▶ _Task description_
Set down the records exactly, and omit any image found in them.

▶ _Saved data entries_

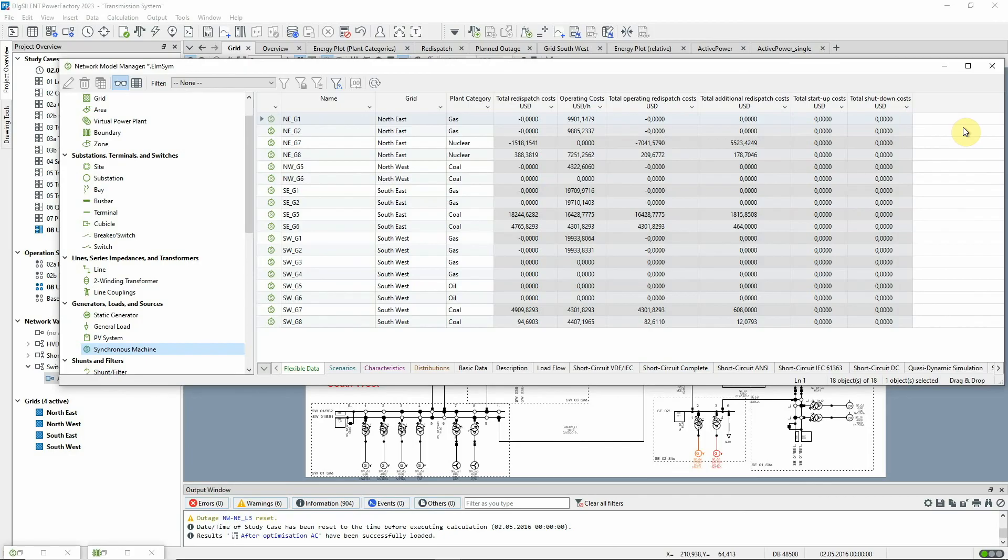To find out more about applications of the unit commitment and dispatch optimisation function, take a look at the video that comes with the Texas grid example.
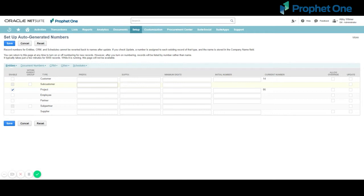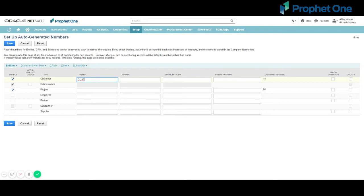For example, you can choose to enable auto-generated numbering for the customer record type, and you can specify the prefix CUST. Each time you add a new customer record, the record number increases sequentially by one. When you view your customer list, you can quickly see that in this example, customer 0025 is a newer customer than customer 0004.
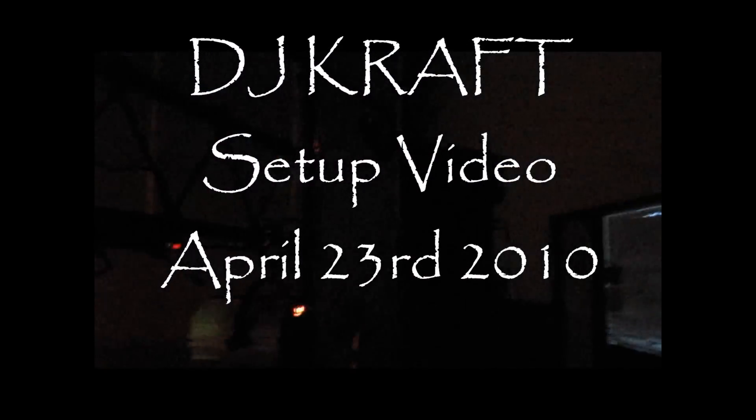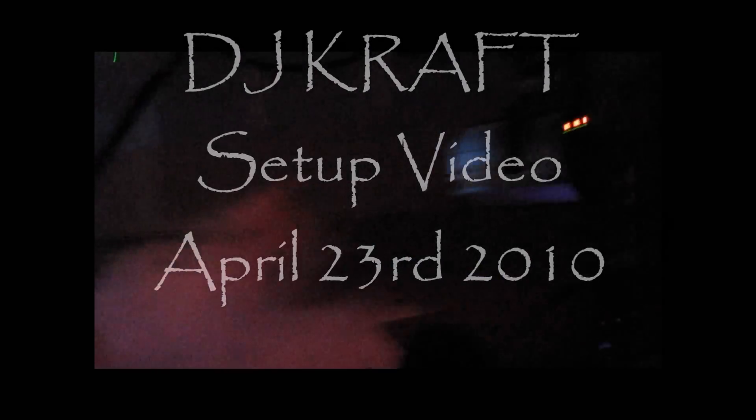Hey I'm DJ Kraft and this is my setup. Down below we've got two Yorksville 18 inch 1500 watt subwoofers that I'm renting for the night.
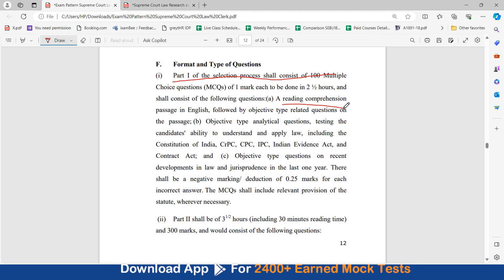There will be a reading comprehension passage in English followed by objective type related questions on the passage, objective type analytical questions testing the candidate's ability to understand and apply law, including the Constitution of India, CrPC, CPC, IPC, Evidence Act, and Contract Act. Then there will be objective type questions on recent developments in law and jurisprudence in the last one year. Negative marking is also there of 0.25 marks.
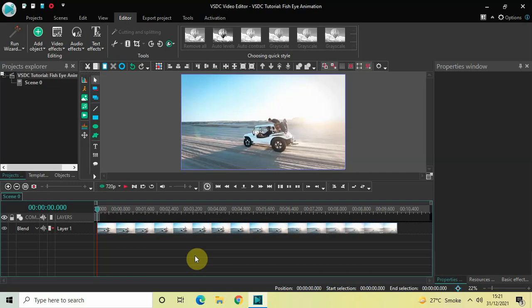Hey guys, welcome back to Next-Gen Blog. In this video I want to show you how you can create a fisheye animation in VSDC free video editor. It's actually super easy to create a fisheye animation in VSDC, so without further delay let's get started and see how you can do this.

▶ _Solution_
To find out more about applications of the unit commitment and dispatch optimisation function, take a look at the video that comes with the Texas grid example.
For example, you can choose to enable auto-generated numbering for the customer record type, and you can specify the prefix CUST. Each time you add a new customer record, the record number increases sequentially by one. When you view your customer list, you can quickly see that in this example, customer 0025 is a newer customer than customer 0004.
Hey I'm DJ Kraft and this is my setup. Down below we've got two Yorksville 18 inch 1500 watt subwoofers that I'm renting for the night.
There will be a reading comprehension passage in English followed by objective type related questions on the passage, objective type analytical questions testing the candidate's ability to understand and apply law, including the Constitution of India, CrPC, CPC, IPC, Evidence Act, and Contract Act. Then there will be objective type questions on recent developments in law and jurisprudence in the last one year. Negative marking is also there of 0.25 marks.
Hey guys, welcome back to Next-Gen Blog. In this video I want to show you how you can create a fisheye animation in VSDC free video editor. It's actually super easy to create a fisheye animation in VSDC, so without further delay let's get started and see how you can do this.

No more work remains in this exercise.